As I continue to repeat myself when people ask me about a wedding or wedding plans, people seem disappointed that there will not be a wedding.  I cannot apologize for that.  Getting married is a personal thing for me and I have had cut ties with a lot of people who have not been sincere in my life.  There are friends who are like family to me and I appreciate them.  And there are blood relatives of mine and the Mister's that have not been as supportive as they could be.  So why should we have a wedding?  To feed people who are secretly hoping we split up, who are closet racists or who just want a social event to attend?  Really?  Not on our watch and pocketbook.
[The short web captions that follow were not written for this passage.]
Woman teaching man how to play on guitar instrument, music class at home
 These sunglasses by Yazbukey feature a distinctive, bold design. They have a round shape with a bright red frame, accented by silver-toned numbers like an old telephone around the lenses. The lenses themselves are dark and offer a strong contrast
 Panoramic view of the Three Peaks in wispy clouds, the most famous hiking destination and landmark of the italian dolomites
Many events in the past are water under the bridge for us and some, well the damage has been done.  I have pissed off and offended people in the Mister's life apparently.  People have said and done hateful things.  I cannot apologize for being black, being honest and just being myself.  We were not put here to be abused or used by anyone that has been in our lives.   I am not waiting for or expecting any apologies, but they are in order if they want things to go back to the way they were. (At least a little bit.) Anyone that knows me understands that I do not run from confrontation and I don't freak out when people disagree.  Our individual truth differs and everyone has their own lessons to learn.  I am humble enough to understand that and not take things so personally.  I am just over people's petty issues and not being able to apologize when they deeply hurt someone.   Look people, life is never all about you.  Every decision you make will impact another's life whether it be directly, or indirectly.  We are free to do what we choose, but sometimes, you will kill a relationship that can be very beneficial.   If you choose to have people in your life, that is your choice, but remember, if those folks hurt a family member it will have an impact.  In addition, it can break trust when lies and petty jealousies are involved.   People have a tendency to insist they are right and try to prove a point by not resolving a bullshit issue.  They reject and hate for no reason.  Or they don't understand someone so they make their judgement and start drawing lines. More Petty BS probably rooted in their own personal misery and apathy.  This takes way too much energy and you are only hurting yourself in the long run.  In other words,  it's your problem.   By the way, ignoring an issue doesn't make it go away.  Confronting stuff can be a step to work through it.  In other words, to keep your house clean and free of dirt and dust, you need to sweep, mop and vacuum. Dirt and dust doesn't go away on its own.  Or else, you will have a HOARDERS looking house.  We like a clean house in this neighborhood, some people don't get that concept.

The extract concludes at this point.